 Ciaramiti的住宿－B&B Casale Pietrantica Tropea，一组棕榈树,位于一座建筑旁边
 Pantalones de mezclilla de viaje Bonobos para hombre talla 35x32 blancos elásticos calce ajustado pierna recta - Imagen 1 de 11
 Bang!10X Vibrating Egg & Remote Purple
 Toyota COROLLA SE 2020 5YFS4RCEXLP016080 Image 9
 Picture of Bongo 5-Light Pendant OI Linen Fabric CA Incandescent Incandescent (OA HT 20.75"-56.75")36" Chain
=====
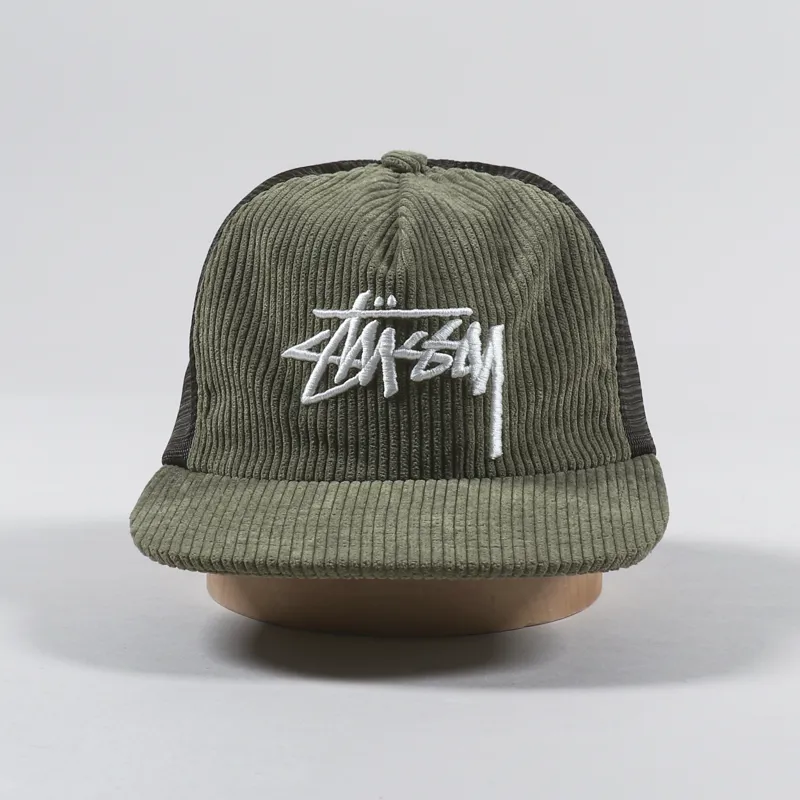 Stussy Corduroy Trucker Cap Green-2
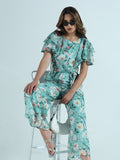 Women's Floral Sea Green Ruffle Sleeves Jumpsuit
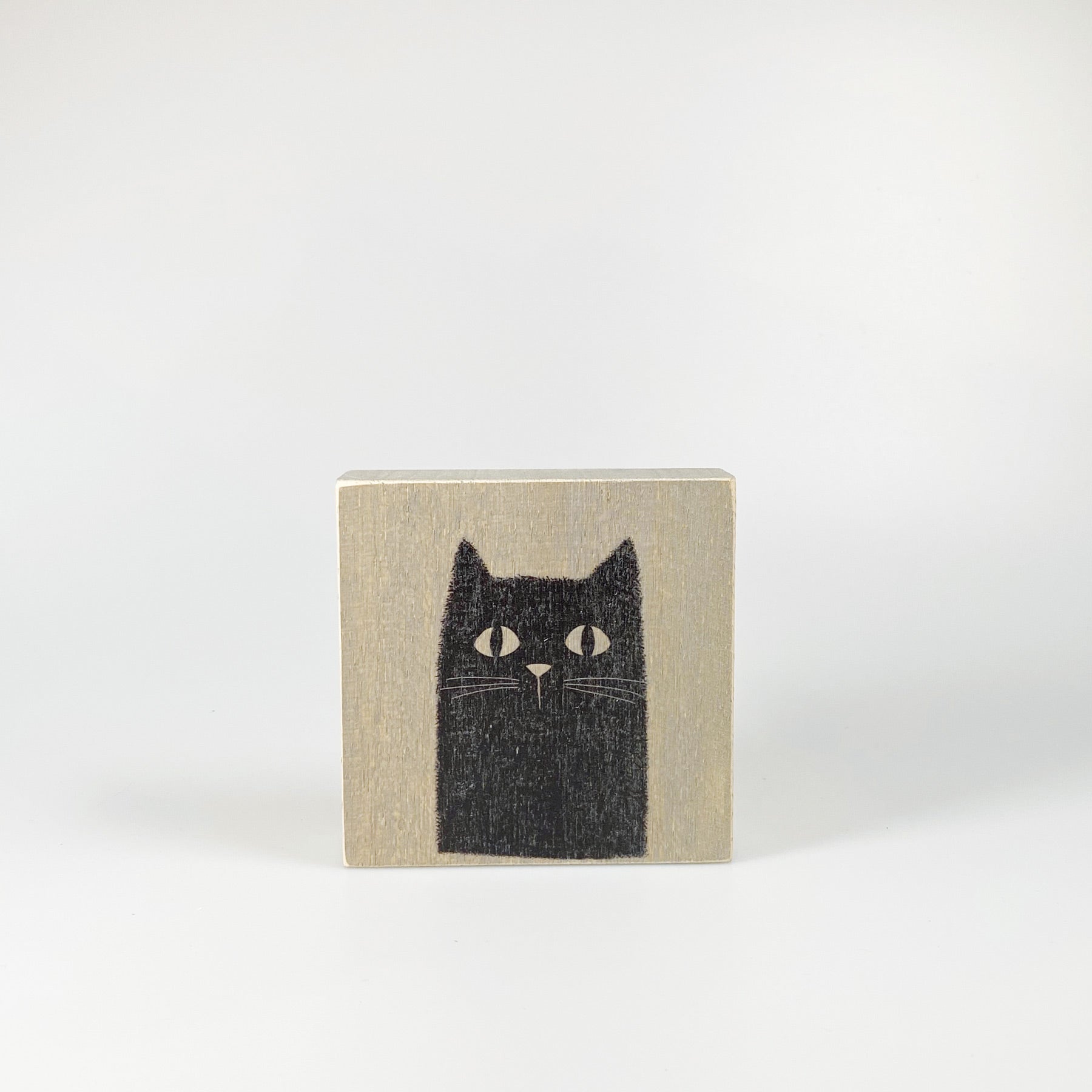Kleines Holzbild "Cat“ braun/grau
=====
### What the task asks
In the listing above, locate the line containing "Toyota COROLLA SE" and the line containing "Picture of Bongo". Extract those two lines and every line between them, exactly as written, and only those.

### Answer for the task
 Toyota COROLLA SE 2020 5YFS4RCEXLP016080 Image 9
 Picture of Bongo 5-Light Pendant OI Linen Fabric CA Incandescent Incandescent (OA HT 20.75"-56.75")36" Chain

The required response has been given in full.